Required action:
Shown below is a listing with pictures; reproduce exactly, and only, the lines between the ones containing "Kairali Group of" and "WHERE TO STAY IN THAILAND: ANANTARA LAYAN", inclusive, leaving the pictures out.

*** Provided entries Section Begins ***

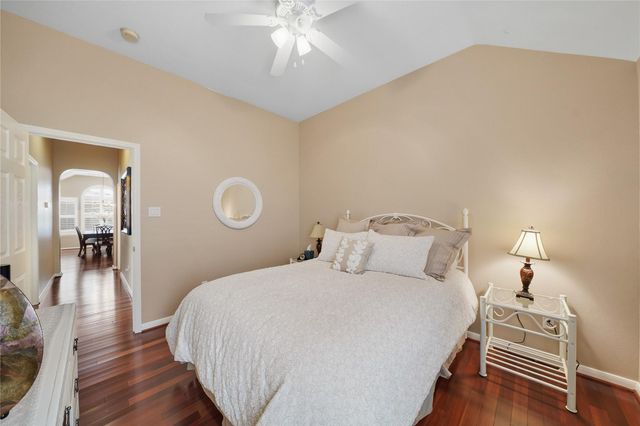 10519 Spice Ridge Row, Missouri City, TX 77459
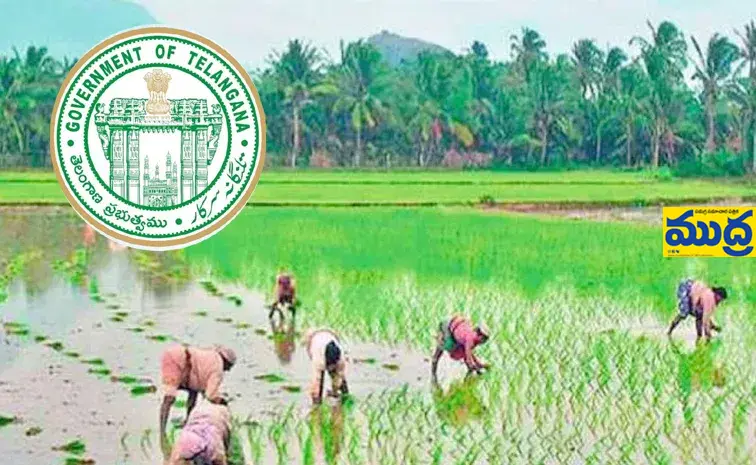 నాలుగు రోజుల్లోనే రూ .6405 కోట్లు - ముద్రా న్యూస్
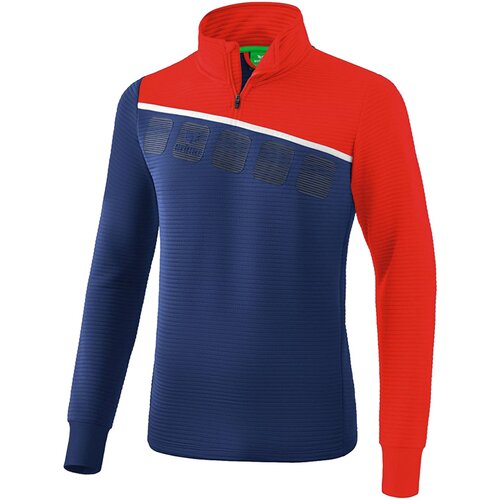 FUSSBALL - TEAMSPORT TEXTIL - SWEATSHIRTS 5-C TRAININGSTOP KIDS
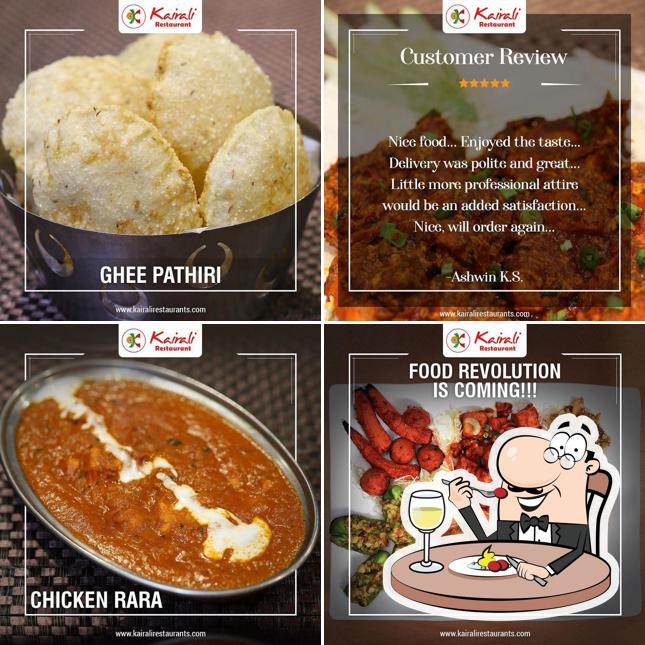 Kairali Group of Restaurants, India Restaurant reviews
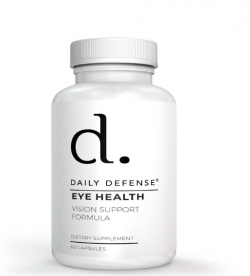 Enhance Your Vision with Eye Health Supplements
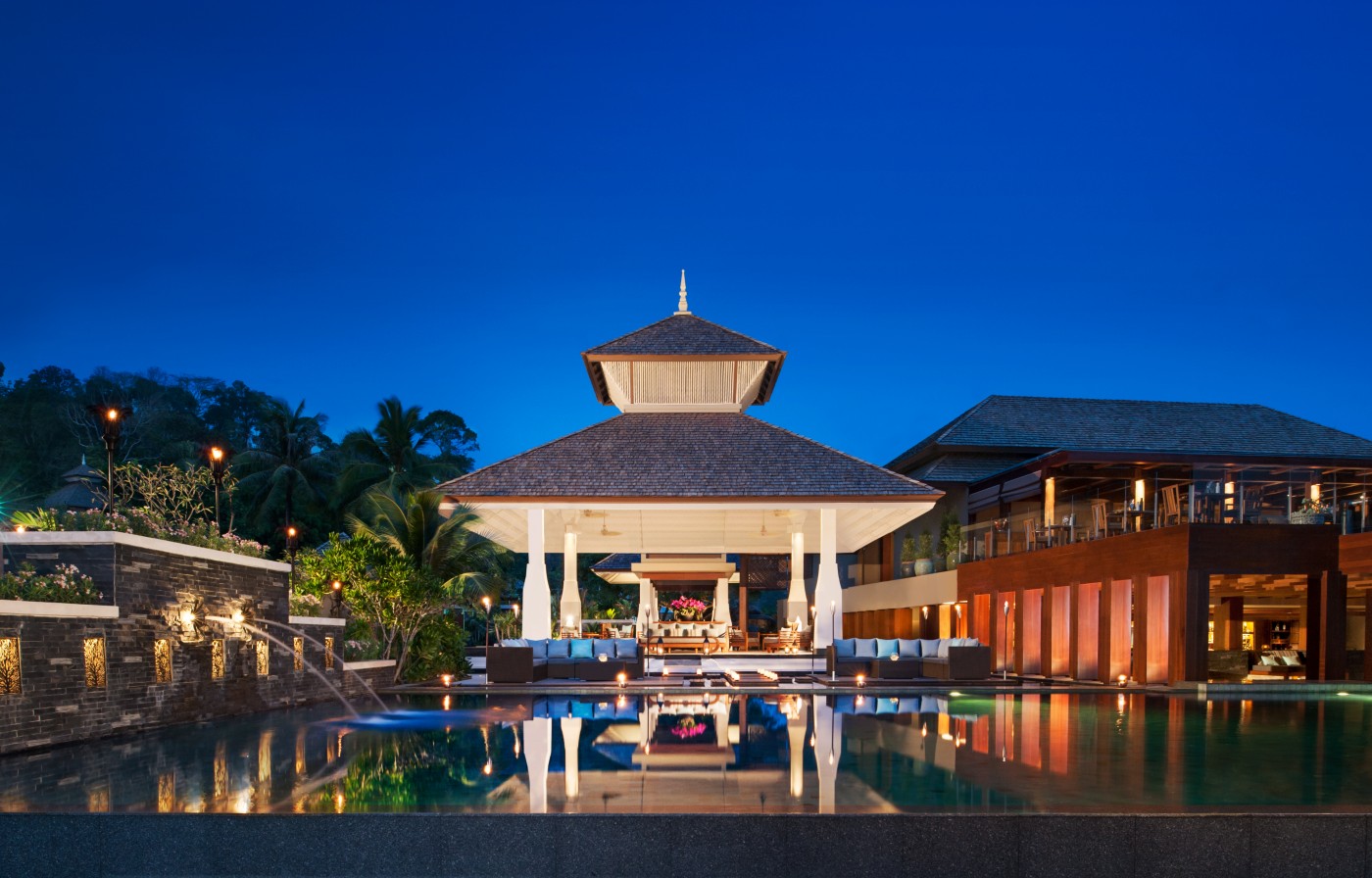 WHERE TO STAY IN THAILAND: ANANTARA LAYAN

*** Provided entries Section Ends ***
*** Provided entries Section Begins ***

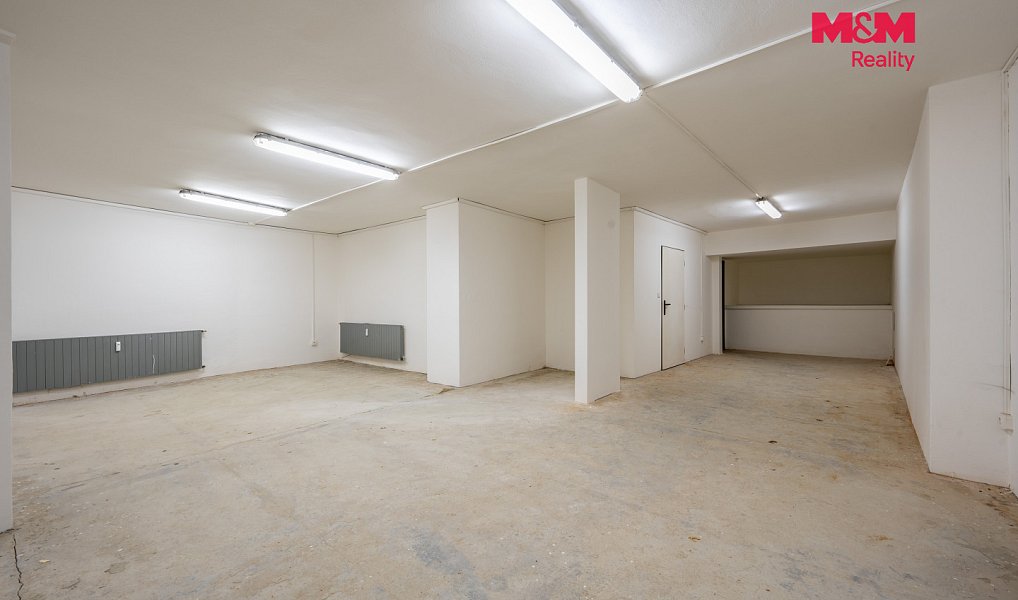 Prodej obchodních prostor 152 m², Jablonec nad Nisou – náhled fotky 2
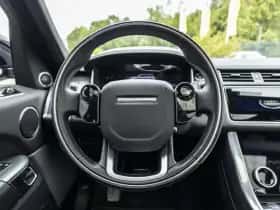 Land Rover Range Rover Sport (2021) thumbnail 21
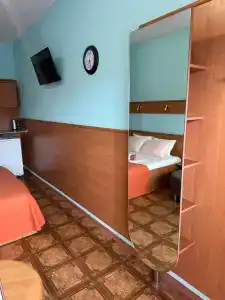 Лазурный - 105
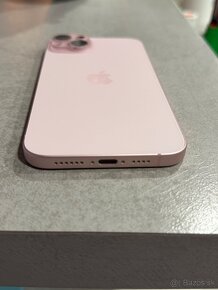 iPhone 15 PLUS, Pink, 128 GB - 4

*** Provided entries Section Ends ***

Answer to the exercise:
 Kairali Group of Restaurants, India Restaurant reviews
 Enhance Your Vision with Eye Health Supplements
 WHERE TO STAY IN THAILAND: ANANTARA LAYAN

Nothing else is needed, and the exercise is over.